◆ **The input**
════

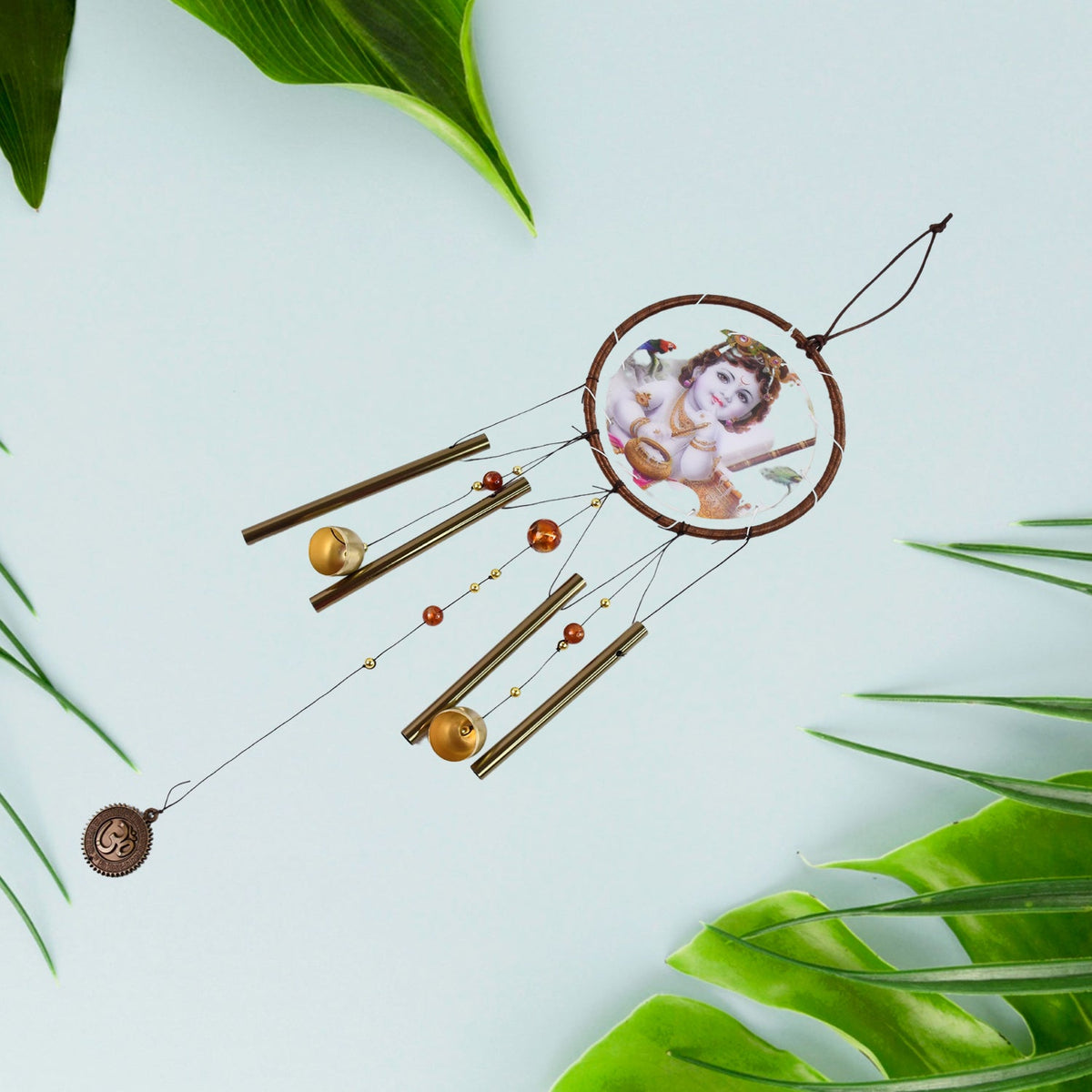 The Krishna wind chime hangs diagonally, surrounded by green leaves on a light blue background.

════

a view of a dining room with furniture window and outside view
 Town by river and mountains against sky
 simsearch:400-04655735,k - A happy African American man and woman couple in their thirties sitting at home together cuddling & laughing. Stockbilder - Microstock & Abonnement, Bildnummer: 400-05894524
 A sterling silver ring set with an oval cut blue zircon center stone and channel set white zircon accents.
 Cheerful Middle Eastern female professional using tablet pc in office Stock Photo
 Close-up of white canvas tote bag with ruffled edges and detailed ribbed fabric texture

════

In the data above, which lines lie between the line with "Town by river and mountains against sky" and the line with "Close-up of white", inclusive? Print those lines exactly and nothing else.

◆ **Task result**
 Town by river and mountains against sky
 simsearch:400-04655735,k - A happy African American man and woman couple in their thirties sitting at home together cuddling & laughing. Stockbilder - Microstock & Abonnement, Bildnummer: 400-05894524
 A sterling silver ring set with an oval cut blue zircon center stone and channel set white zircon accents.
 Cheerful Middle Eastern female professional using tablet pc in office Stock Photo
 Close-up of white canvas tote bag with ruffled edges and detailed ribbed fabric texture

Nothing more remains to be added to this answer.